** TASK TO COMPLETE **
Extract every line between the one with "Casa à venda" and the end of the entries, both included, word for word and free of pictures.

** MATERIAL PROVIDED **

■ ■ ■ ■ ■

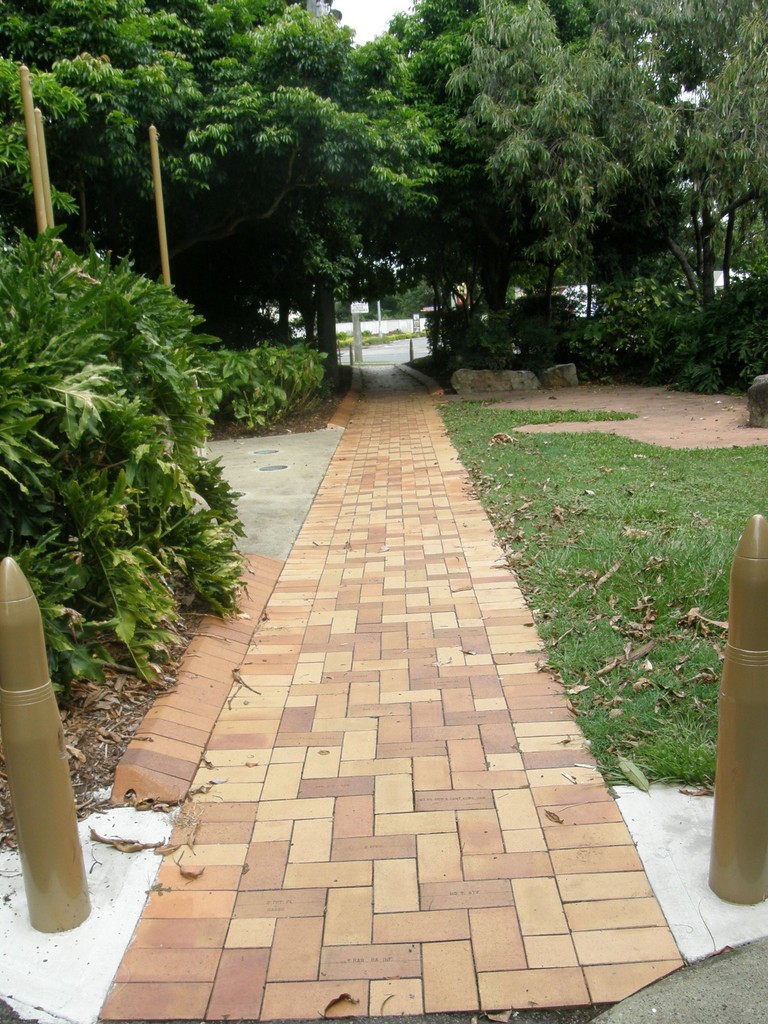 Vietnam Veterans Memorial - Memorial Footpath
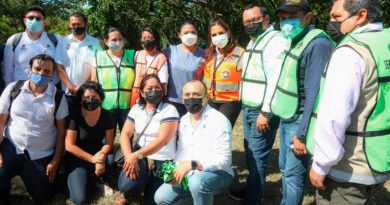 ESTUDIANTES DE BACHILLERATO Y AUTORIDADES PARTICIPAN EN LIMPIEZA DE PARQUE EN CANCÚN.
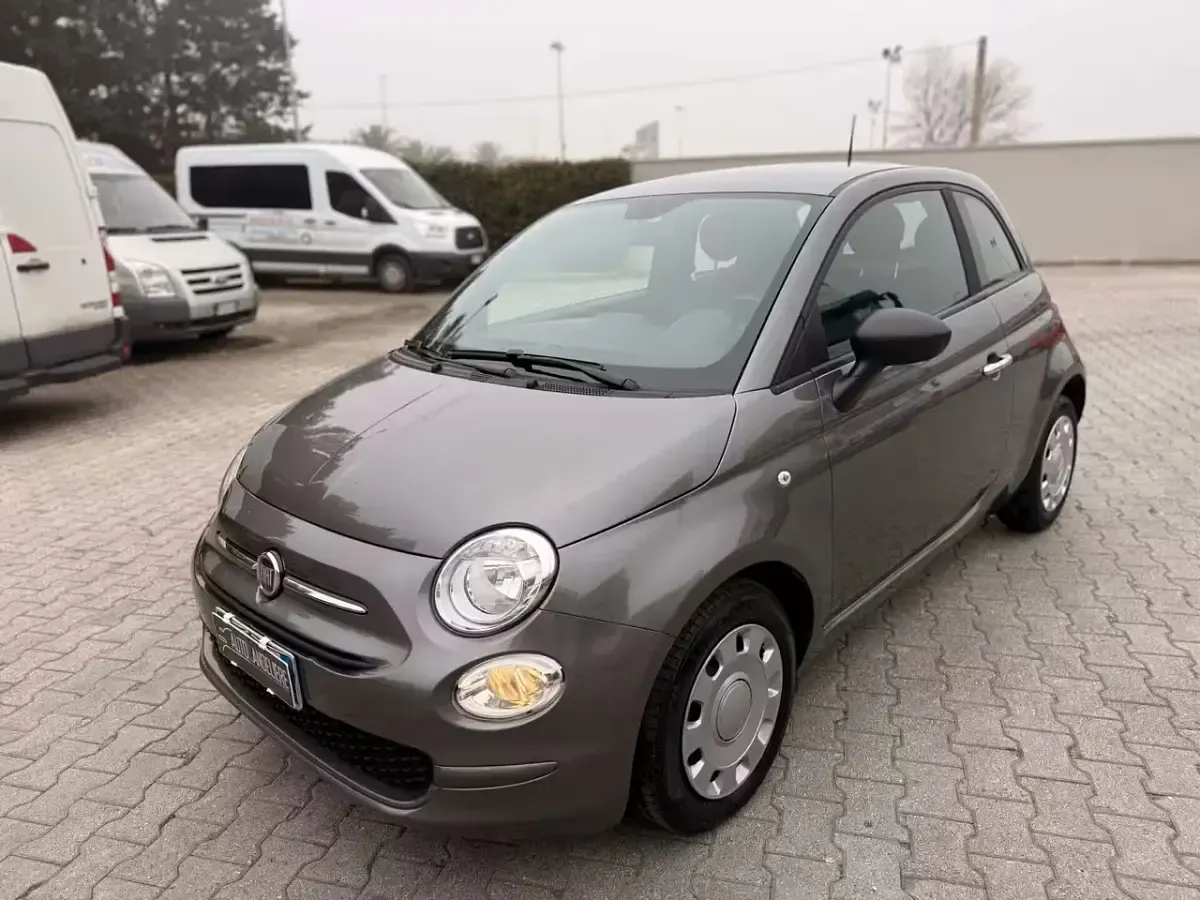 Usata Fiat 500 69 CV (50 kW) 2022 Grigio Berlina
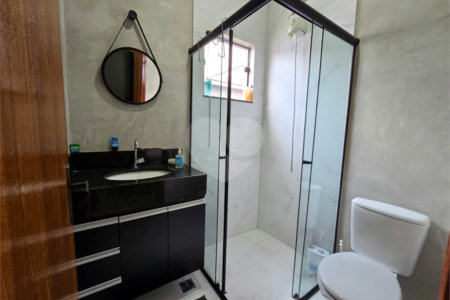 Casa à venda com 3 quartos, sendo 2 suítes,  no condomínio Residencial Marina, Itapetininga - SP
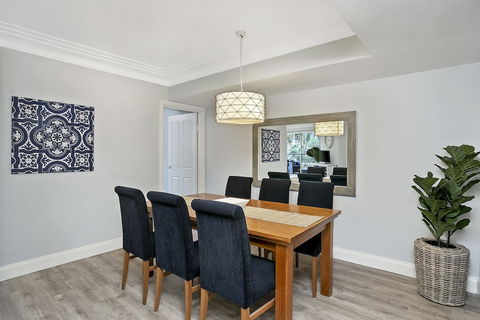 The Apartment Service CHATS - Getaway Accommodation 6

■ ■ ■ ■ ■

** SOLVED PROBLEM **
 Casa à venda com 3 quartos, sendo 2 suítes,  no condomínio Residencial Marina, Itapetininga - SP
 The Apartment Service CHATS - Getaway Accommodation 6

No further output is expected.